Cambiano i filantropi, cambia la filantropia
Ad alcuni filantropi donare non basta più. Come nel proverbio cinese secondo cui è meglio insegnare come essere sostenibili nel tempo, piuttosto che estinguere un singolo bisogno, il filantropo di oggi si mette in gioco attivamente per garantire il futuro dell’ente che sostiene. “Alcuni soggetti cominciano ad associare alla logica del grant (donazione) un’ottica di investimento finanziario (impact investing). Al classico ingrediente del dono, si aggiunge quello del finanziamento: dare qualcosa auspicando che un giorno – dopo aver contribuito alla crescita di una realtà che si vuole sostenere – possa tornare indietro per essere nuovamente investito in altre realtà”, spiega Martina.
L’evoluzione del profilo dei donatori, insieme al diffondersi dei nuovi strumenti (come i Daf) ha portato a un diverso approccio al dono. È nata la cosiddetta filantropia strategica, un sistema per trasformare le donazioni in veri e propri investimenti e un modo per concentrare i contributi privati in progetti integrati e farne un moltiplicatore per mobilitare energie e risorse. Il nuovo filantropo vuole dare vita a un autentico motore di miglioramento sociale.
“Tutto parte dal desidero del filantropo di voler verificare se effettivamente attraverso il suo operare si è generato un cambiamento”, afferma Martina. “Non è detto che servano solo risorse di tipo monetario per generare un effettivo cambiamento sociale. L’ente che si sostiene può avere bisogno di colmare alcuni gap dal punto di vista dell’organizzazione interna, oppure di network, o nel recruitment delle persone ecc.
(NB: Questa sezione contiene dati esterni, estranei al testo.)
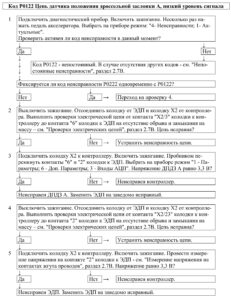 Р0122 – диагностическая карта кода неисправности ЭСУД ЕВРО-4 МЕ17.9.7 LADA PRIORA, LADA KALINA, LADA 4×4.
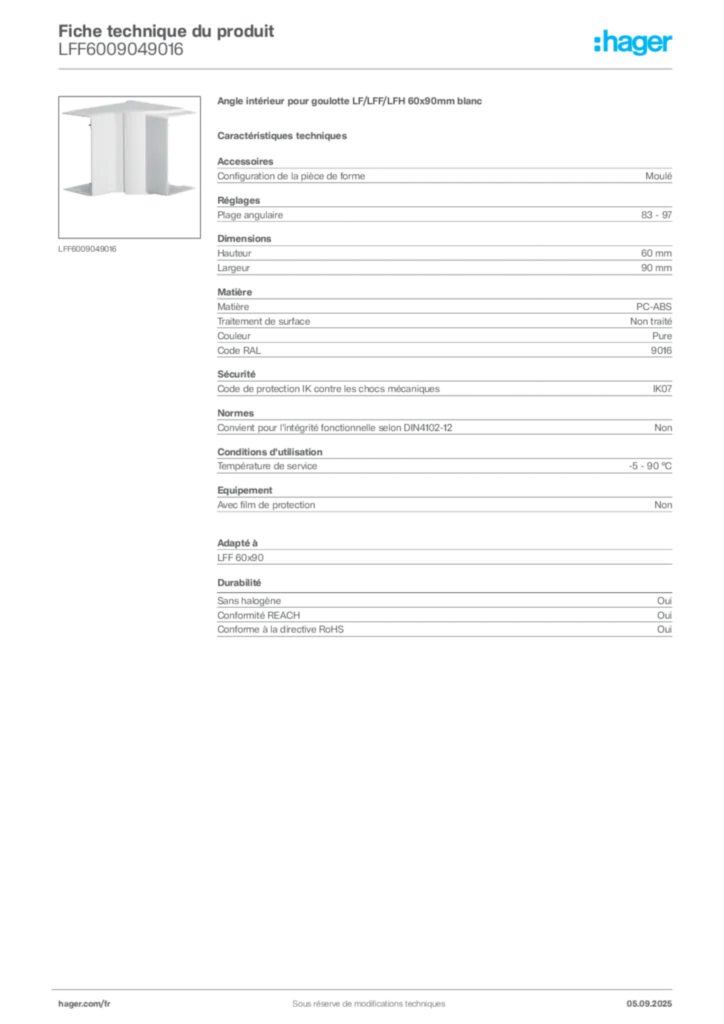 Image Hager Fiche technique du produit LFF6009049016 | Hager France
Nella filantropia strategica si prendono in considerazione tutti questi aspetti per far sì che la realtà si rafforzi al meglio”.
Per garantire a loro volta maggiori benefici a enti e donatori europei, le fondazioni del Vecchio continente hanno costituito una rete transnazionale. Della Transational Giving Europe fanno parte sia la Fondazione Lang che la Swiss Philanthropy Foundation. “La rete oggi riunisce 21 membri”, ricorda Grassi. “Per noi – spiega – è un grande vantaggio: permette di confrontarsi rispetto alle best practices e alle tendenze del settore filantropico in Europa.
I donatori poi riescono a realizzare più agevolmente i propri progetti filantropici in Europa”. Attraverso il network TGE, sono transitati a livello europeo 13 milioni di euro, ai quali ha contribuito anche Fondazione Lang. Per Grassi, un ulteriore incentivo a una filantropia senza confini potrebbe venire dalle istituzioni: “Credo che dei messaggi istituzionali forti – insieme a una buona informazione – possano aiutare a far capire ciò che questa filantropia europea permette di costruire insieme”.